**Problem:** Below are some entries. Copy each line that holds the string "Cooper".

**Information:**
"""

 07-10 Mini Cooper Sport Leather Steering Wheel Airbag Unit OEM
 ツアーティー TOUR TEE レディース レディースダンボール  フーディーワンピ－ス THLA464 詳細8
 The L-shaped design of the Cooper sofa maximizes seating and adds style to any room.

"""
"""

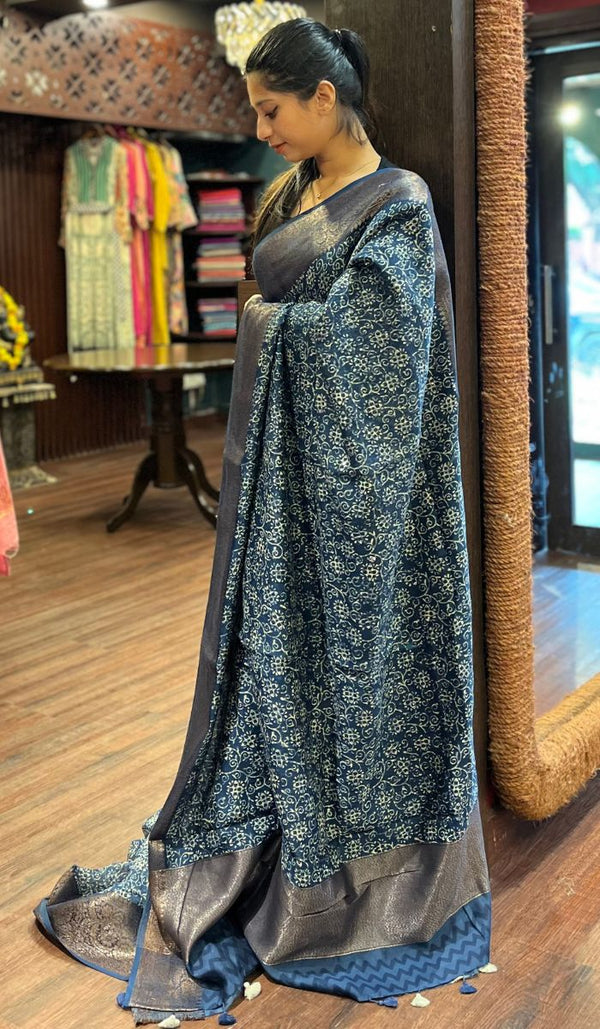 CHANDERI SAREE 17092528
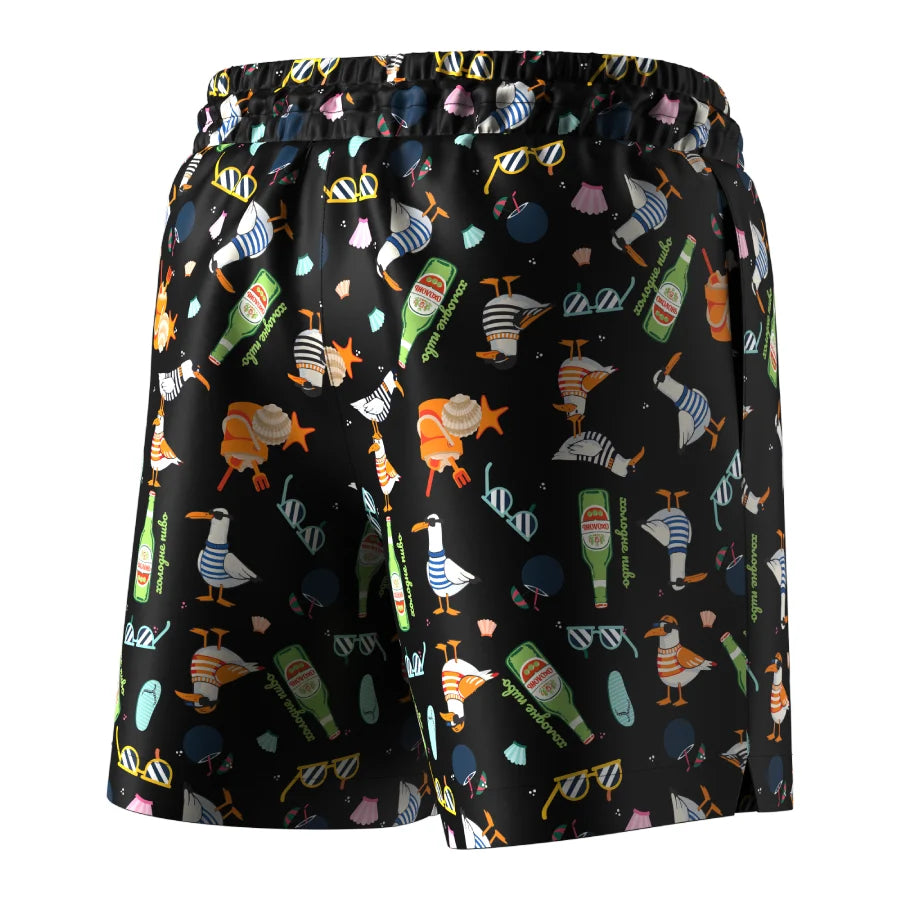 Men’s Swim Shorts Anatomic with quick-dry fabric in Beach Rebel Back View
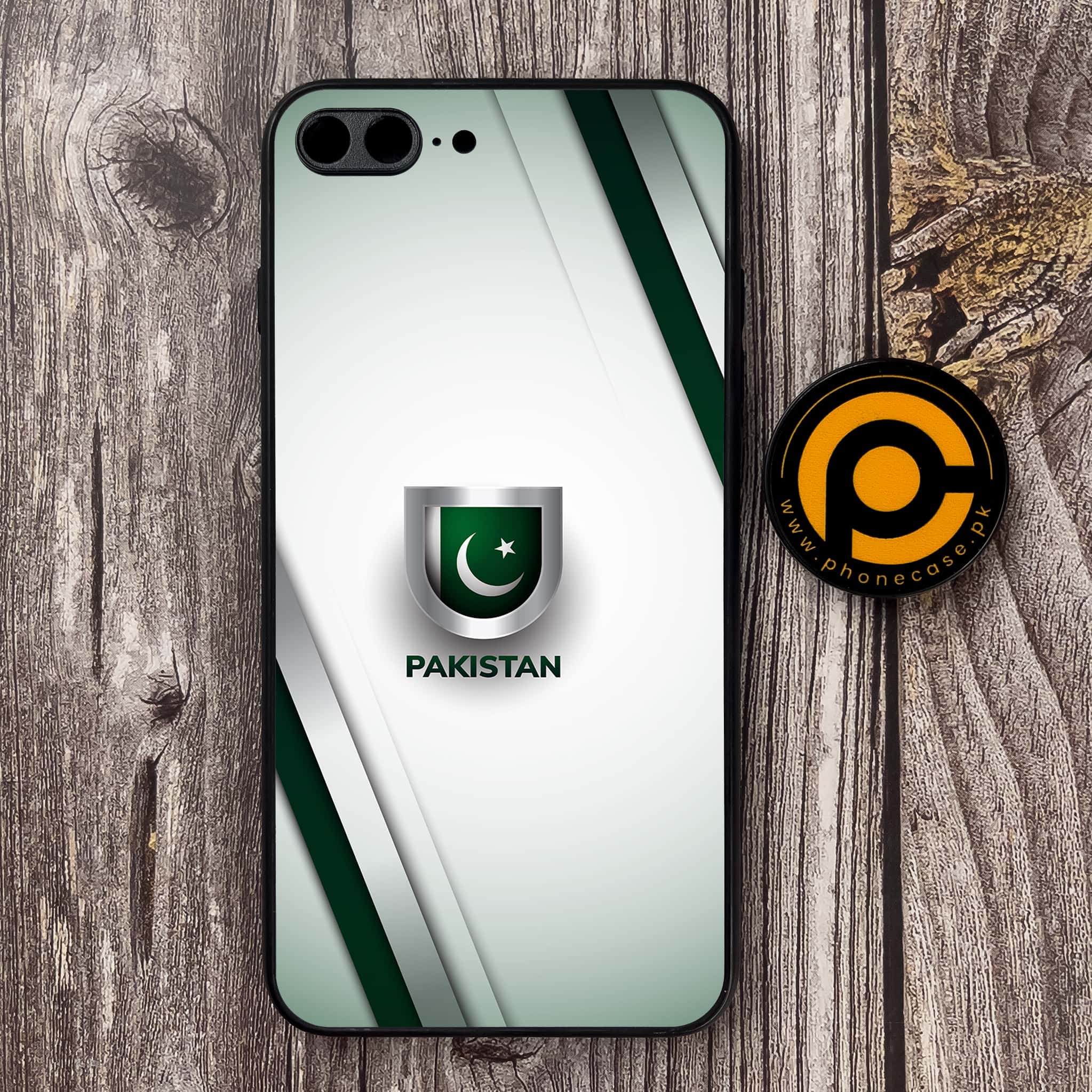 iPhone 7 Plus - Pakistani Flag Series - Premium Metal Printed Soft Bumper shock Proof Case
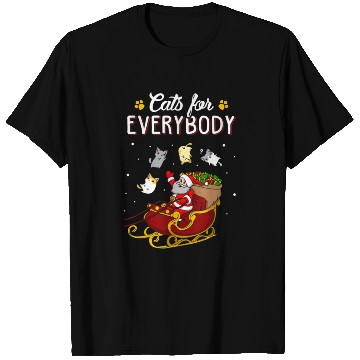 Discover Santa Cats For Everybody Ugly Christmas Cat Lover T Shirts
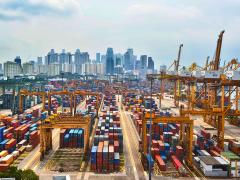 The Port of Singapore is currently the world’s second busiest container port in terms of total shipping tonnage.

"""

**Answer to this task:**
 07-10 Mini Cooper Sport Leather Steering Wheel Airbag Unit OEM
 The L-shaped design of the Cooper sofa maximizes seating and adds style to any room.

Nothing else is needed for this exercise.